Lost City Forest and Area X

Out of a looming work deadline, I managed to carve out a short jaunt last weekend, in which I walked in the Lost City Forest and thought about Area X.

Fiddlehead, Gallistel Woods / Lost City Forest, UW Arboretum

Lost City Forest is a part of the University of Wisconsin Arboretum. The name is not a flight of some ecologist’s whimsy – it refers to the land’s previous but short-lived existence as the site of a housing development touted as the “Venice of the Midwest”, where construction started with grand ambitions, but failed to take adequate note of some engineering considerations, such as the load-bearing capacity of the low-lying, marshy soil.

Not to put too fine a point on it, they built a subdivision in the swamp, because everybody said it were daft, and it sank into the swamp. Such difficulties can be overcome with sufficient cash and political will – for an example, St. Petersburg – but the Lake Forest Land Company was not the Tsar of All the Russias. They simply went bankrupt, and nobody else really felt like taking up the torch of building the Venice of the Midwest, so the land became part of the University of Wisconsin Arboretum, and in time turned into Lost City Forest.

Area X, on the other hand, is not exactly a real place. It’s a creation of weird fiction author Jeff Vandermeer, in his Southern Reach trilogy, out this year (the first two volumes already published, the third due in September). In Area X, inexplicable and unsettling things happen. There is a tower – or maybe it’s a tunnel into the ground, people can’t quite seem to agree – with a fungus growing on the walls whose fruiting bodies spell out semi-coherent apocalyptic text. People who enter Area X either never come out, or re-appear suddenly well outside its borders, dying of cancer. Meanwhile, the air and water there are oddly low in environmental pollutants.

I say it’s not exactly a real place, because it is inspired in part by St. Marks National Wildlife Refuge in Florida, not far from where the author lives. The descriptions of natural and semi-natural places have the detailed feel of careful observation; in the first book, Annihilation, there is a vivid sketch of an overgrown, abandoned swimming pool, a touchstone for the book’s viewpoint character (not given any name beyond ‘the biologist’ and her husband’s nickname for her, ‘Ghost Bird’), which appeals to all the senses – even reading it on a bus in icy February, I could smell the algae in the water, and hear frogs calling in the humid night air.

As I wandered through the hush of the Lost City Forest, the bones of hundred-year-old house foundations invisible beneath my feet, I found myself thinking of Area X. Before its mysterious transformation, Area X was not a pristine wilderness; people lived there. Like almost every place on land it has a history with humans; “history” having the colloquial connotation of “there’s been a messy relationship”, as well as the primary meaning. But, uniquely, it has been forcibly re-wilded by some undetermined agency: God? Aliens? Ghosts? Its own will, somehow? That aside, there remains something unsettling about how quickly and thoroughly a piece of terrain can be, well, un-settled, the traces of human work reduced within a lifetime to crumbling cement under tree-roots. You feel that very strongly in Lost City Forest.

Where there was full sunlight and water, there were turtles (Chrysemis picta):
Turtle, Teal Pond
They basked at the edge of Lake Wingra and in Teal Pond.

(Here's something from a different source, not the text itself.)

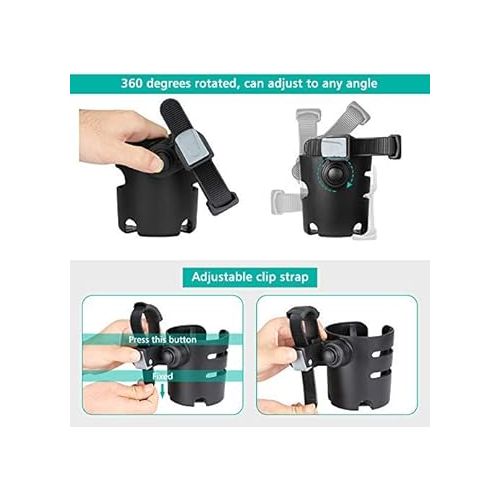  Accmor Stroller Cup Holder with Adjustable Strap, 360 Degree Rotatable Universal Cup Holder for Uppababy, Nuna, Doona Stroller, Cup Holder for Stroller, Wheelchair, Walker, Rollator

By my feet, a young snapping turtle zipped into the water, too fast for me to get my camera in place. By the way, this belief has no basis in fact, but every year I feel that once turtles are out, winter doesn’t get any more touchbacks. A solid wall of clouds laden with snow could move in, but then they’d have to be “I can’t, you guys. There’s turtles.”

It doesn’t quite fit the narrative flow, but most of the good pictures I got that day came from neighbouring Gallistel Woods, rather than Lost City itself. As the season advances, more colourful wildflowers are starting to appear, like celandine-poppy (Stylophorum diphyllum):
Celandine-poppy (Stylophorum diphyllum), Gallistel Woods, UW Arboretum
and prairie trillium (Trillium recurvatum):
Prairie trillium (Trillium recurvatum), Gallistel Woods, UW Arboretum

In Ontario, where I was born and raised, the (white) trillium (Trillium grandiflorum) is the provincial flower, and it’s actually kind of a big deal there; I can’t think of any other province or state where the official flower is such a thing, except maybe Texas with the yellow roses. The state flower of Wisconsin is the wood-violet, and even here in the capital I’d be prepared to bet that only a minority of people I buttonholed on the street would be able to tell me that without recourse to Wikipedia, which, full disclosure, is how I found out to put it in this post. Anyway, as a boy I was assured any number of times that picking trilliums was highly illegal, although this doesn’t actually seem to be the case.

Outside of the woods, the life of my species went on. A helicopter came in to land on the roof of St. Mary’s Hospital; a brass-band in the park played “Solidarity Forever”; someone went by with most of a windowsill container gardened balanced on the handlebars of their bike. If any naturalists are observing us, that is the sort of thing I’d prefer them to see.